This is a slippery slope for not only foreclose mill attorneys but also the courts that hear their complaints.  The Appellate Courts of course can only rule on matters of error in the cases presented to them.  They cannot hear the entire case re-litigated again; in fact, they won’t stand for it.  Appellate Courts in Florida for example, especially the 3rd and 4th District Courts of Appeal, are famous for issuing “PCAs”, which basically means they are declining to hear the case and that the lower courts ruling stands as adjudicated.  This is one of the reasons why I bring this subject matter up now, which is due to the inept behavior of some judges in the lower courts to “clear their dockets” in the interest of justice, when in fact, many of these judges are “seniors”, already drawing a pension, that have nothing to lose by kicking you to the curb.  This is a serious false assumption on their part (the senior judges).  I don’t care whether these judges are drawing a pension or not … they are not protected by sovereign immunity (and neither is the county that they are acting as an employee of, within the course and scope of ruling on foreclosure cases), when they step “outside of the box” and appear as an accessory to something more sinister.  Sovereign immunity does not necessarily go away if an error is made.  However, if the court gets notice of statutory and ethical violations and does nothing to stop it, sovereign immunity goes away and liability for some sort of “wrong” kicks in.  Yet, no one is addressing this part of “the system of things” when in fact, it should rightfully be addressed and properly dealt with to the fullest extent of the law.

For the purposes of arguendo here, I focus on the state courts as well as the bankruptcy courts, because this is not something that can really apply to the extent that one would think in the federal court system because the federal judges are appointed for life.  One attorney in Hawaii, Gary Victor Dubin, has likened being in federal court to committing suicide.  I find no solace in federal court, given the dismal number of foreclosure cases successfully defended while bankrupting the debtors (borrowers of mortgage loans) who all came into the federal system seeking to “delay the inevitable”.  Only an egregious act by the bank would warrant sanctions and there is no singular case that I can reflect on in a U.S. District Court wherein the judge superbly did “the right thing” the first time, without having to be reprimanded for his abusive rulings by the Appellate Court.  Besides, federal courts do not like pro se litigants, as we discussed earlier.  So why are you thinking federal court?   While the FDCPA and FCRA take up a lot of the consumer-oriented litigation, it is safe to assume that these are mostly initiated in class-action form.

STATE COURT ACTIONS

JPMorgan Chase Bank NA v Pocopanni et al, 4th Jud Cir Ct No 16-2008CA-3989

In the foregoing case, the Hon.

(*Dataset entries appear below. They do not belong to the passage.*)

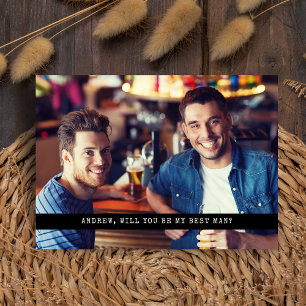 Invitation Downloadable Simple Custom Photo Groomsman Best Ma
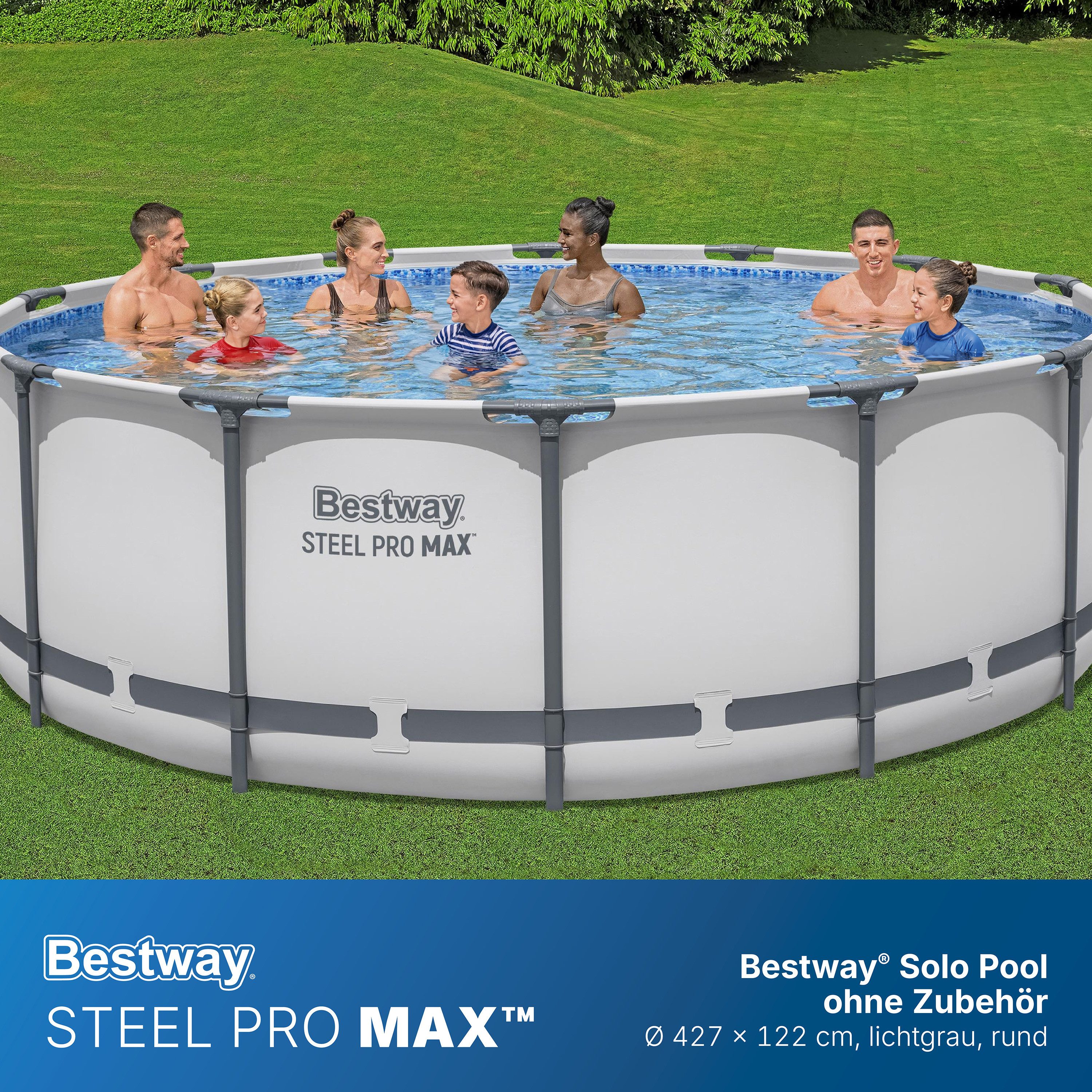 Bestway Framepool Steel Pro MAX™ (Packung, ohne Zubehör), Ø 427 x 122 cm
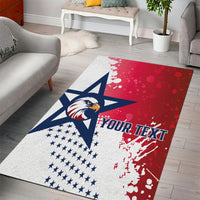 Red and white eagle stars area rug with YOUR TEXT, shown on light wood floor.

Jean Johnson did the right thing by calling the bank attorney’s behavior what it was … fraud on the court by Chase and Shapiro & Fishman.

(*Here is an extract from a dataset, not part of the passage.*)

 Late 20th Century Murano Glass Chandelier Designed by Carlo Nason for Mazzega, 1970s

US Bank NA v Harpster, Pasco Co Cir Ct No 51-2007-CA-6684 (Mar 25, 2010)

US Bank’s lawyers could not stand up to the scrutiny of an Affidavit submitted by the bonding company for Terry Rice, the employee who was notarizing documents within the David J. Stern law firm without having a valid commission by the Floria Secretary of State.  The documents he notarized would come back to haunt him years later in another case in Pinellas County, Florida.

M&T Bank v Lisa D. Smith, St. Johns County, FL No CA09-0418

This case was submitted by Attorney Lynn Szymoniak in her review of dozens of cases where fraud on the court was met by Circuit Judge J. Michael Traynor’s Order of an evidentiary hearing with overtones of sanctions for not one, but three separate violations of behavior by the then-Marshall C. Watson law firm.  The outcome is shown below:

M & T Bank v Smith_Order (Jun 10, 2010)

This is significant because Judge Traynor quoted Rule 4-3.3(a)(1) of the Rules Regulating the Florida Bar … “a lawyer shall not knowingly make a false statement of fact or law to a tribunal or fail to correct a false statement of material fact or law previously made to the tribunal by the lawyer.”  (Dismissed with prejudice!)

OneWest Bank FSB v Drayton, 2010 NY Slip Op 20429, Sup Ct Kings County (Oct 21, 2010)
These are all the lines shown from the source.